»Por eso —afirma el Señor— vienen días en que ya no se dirá: “Por la vida del Señor, que hizo salir a los israelitas de la tierra de Egipto”, sino: “Por la vida del Señor, que hizo salir a los descendientes de la familia de Israel, y los hizo llegar del país del norte, y de todos los países adonde los había expulsado”. Y habitarán en su propia tierra».
Jeremías 23:7-8

A lo largo de su historia, el pueblo de Israel había experimentado el poder de Dios y su liberación. Habían sido testigos de poderosas proezas realizadas por la mano de Dios delante de sus caras.
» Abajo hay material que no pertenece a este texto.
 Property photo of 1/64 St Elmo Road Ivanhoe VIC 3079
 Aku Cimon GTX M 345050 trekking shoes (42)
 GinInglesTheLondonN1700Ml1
Desde el pacto con Abraham y las desventuras de Jacob, Egipto y el libertador Moisés, las plagas, el Mar Rojo, las tablas de la ley, las conquistas, la toma de la tierra, los jueces regidores que libertaban a la nación, Goliat el provocador, David el rey pastor; eran un pueblo de experiencias profundas e intensas y de promesas cumplidas.
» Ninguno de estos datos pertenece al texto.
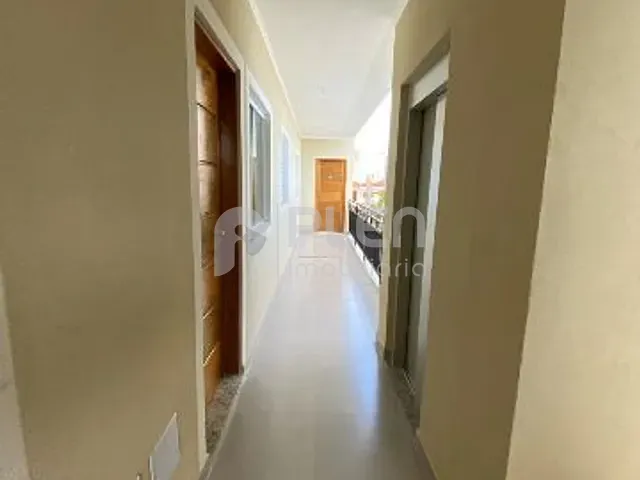 Apartamento 2 quartos e 1 banheiro, à venda, no bairro Jardim São Paulo(Zona Norte) em São Paulo
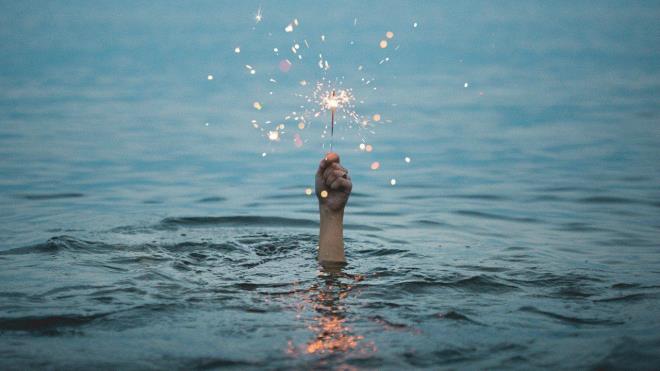 Her 10 kiiden 7'si gelecekten umutlu<br>    Kendi geleceklerinden umutlu olduunu beyan eden bireylerin oran, 2019 ylnda yzde 70,0 oldu.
Tan fuertes habían sido estas experiencias, que se habían vuelto su identidad.
Por mucho tiempo, el pueblo de Israel había vivido en una temporada de promesa cumplida, y esto les enseñó a vivir del recuerdo. Ahora en el exilio, esclavos en otra tierra, su identidad sería redefinida.

Es normal que en una vida donde hay más pálidas que buenas, las bendiciones que Dios nos da, resaltan mucho más para esa persona que para alguien que no ha vivido pasajes tan oscuros.
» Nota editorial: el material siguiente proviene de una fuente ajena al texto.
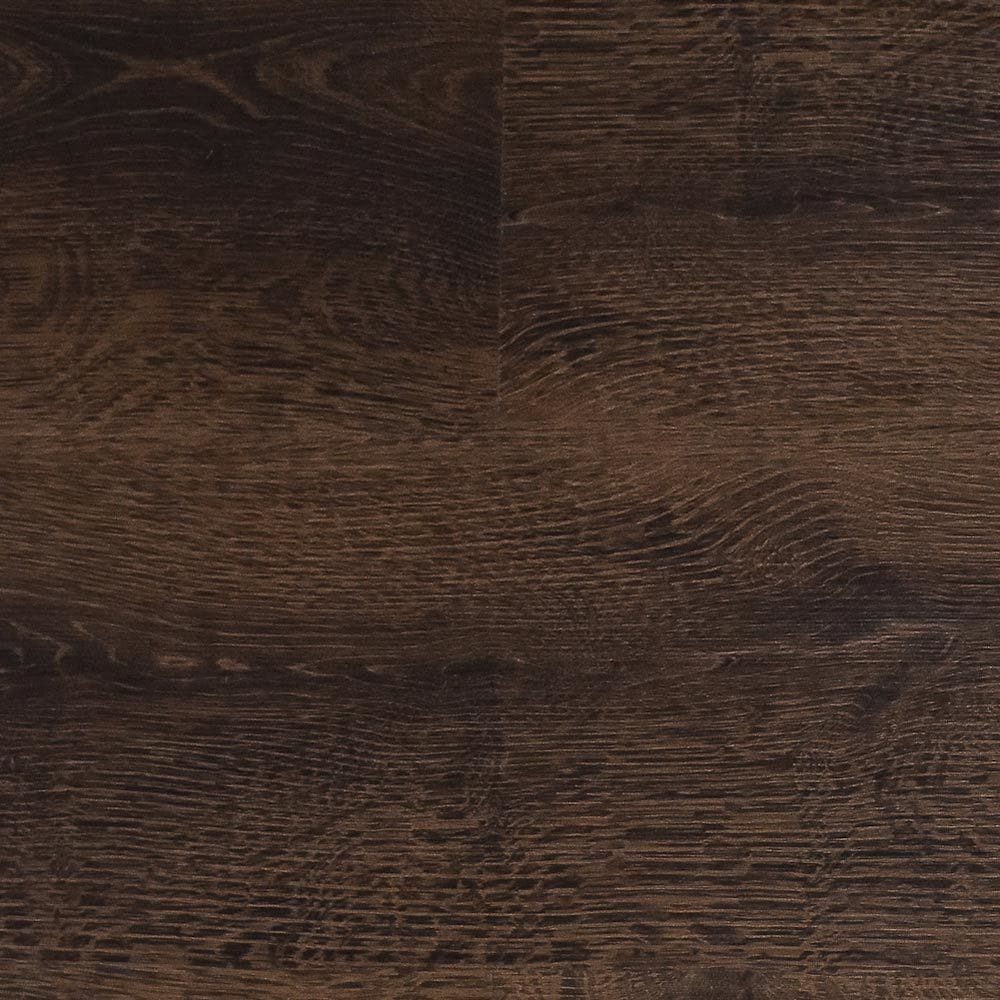 Romulus XL Waterproof Luxury Vinyl Plank Flooring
Cuando Dios nos ha libertado, sanado, quitado el peso de la culpa, ha hecho milagros de provisión o trabajo; ese momento en que oramos al cielo y hemos oído su respuesta, y tantas otras cosas, no podemos negar que se ha movido en nuestra vida.
Atesoramos esos momentos como nuestra historia con Él. Nos aferramos por el amor que le hemos tenido en esos momentos y son pilares de nuestra relación con Dios.

Así lo hacía Israel, así lo hacemos todos. En momentos de prueba, vamos a las certezas, a las promesas de Dios y vemos que las ha cumplido y eso nos da seguridad.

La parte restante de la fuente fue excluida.